When I was in elementary school, our family went on a vacation through southern Kentucky. We stopped at Mammoth Cave and went on a guided tour. At one point, the guide turned off the lights to show us what cave darkness looks like. He told us about explorers who got trapped in the cave, who literally could not see to take one step forward. There was literally no light to shine on those cones in the back of our eyes. So it was impossible even for our eyes to adjust. The guide left us in darkness, just long enough for us to start to get nervous. Then he lit a match. One small match.
And it was stunning how that tiny light changed everything. Sure, there were still passages going off into the darkness, and there were shadows. But the rock formations, the stalactites and stalagmites--I still don't know which is which--were stunningly beautiful in that warm and tiny light. But what's more, the faces around us came into view again. My mom and my dad were right there next to me where they had been all along. There were the other people on the tour.
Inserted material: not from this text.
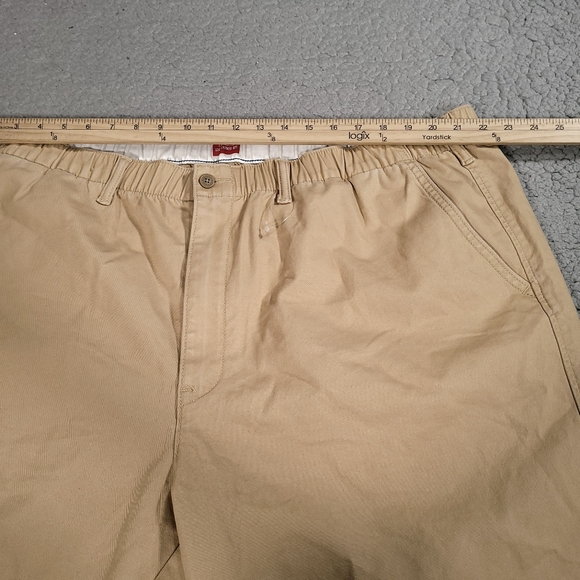 Levis Shorts Mens 44 XX Chino EZ Comfort Stretch Slash Pockets Twill Tan - Picture 3 of 12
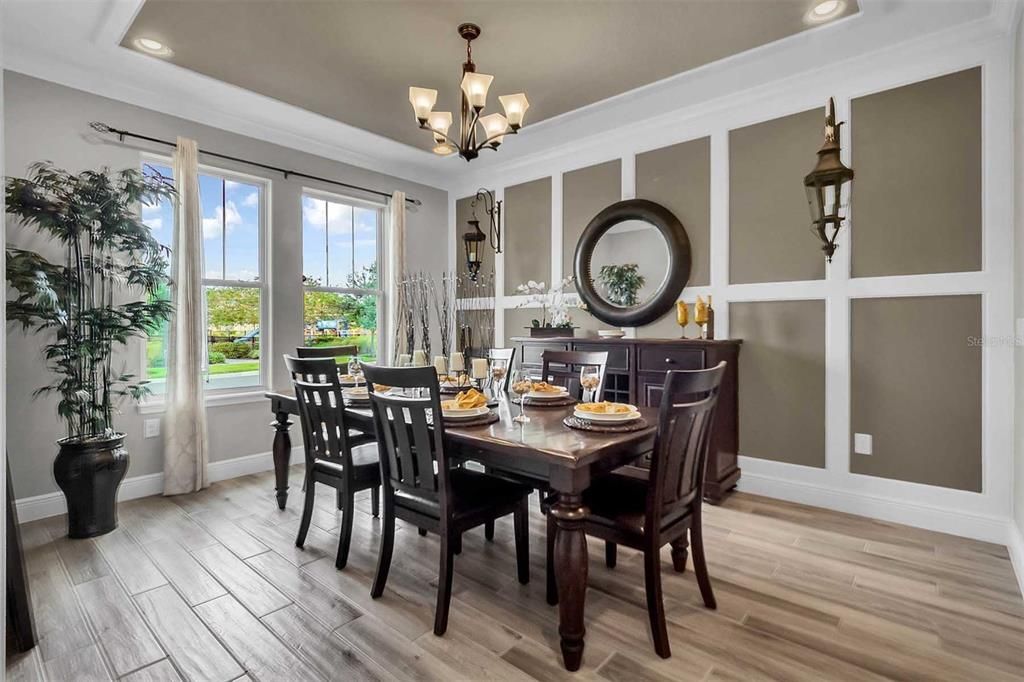 Recently Sold: $805,000 (5 beds, 3 baths, 3911 Square Feet)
There was a community that had both experienced the depth of darkness but had now seen a bit of the light.
On this day in December, I don't know if we're clinging to the bridge or standing in the darkness of a cave, but I do know that we have struck a match to light one more candle on the Advent wreath, and the power of that light is changing everything. Even our shadows take on a new beauty when caught by the light. It is making a way in the wilderness, making the crooked straight, and the rough places smooth, and turning the road toward Bethlehem.
To most in the world, it might not seem like much; but to us, we see in this tiny flicker of light the glory of the rising sun, the Word of God, the presence of the Spirit, coming to us in real time, in our historical time. We see the view of a future set before us that is filled with forgiveness and peace and reconciliation and love. Frankly, we see the best picture we'll ever take.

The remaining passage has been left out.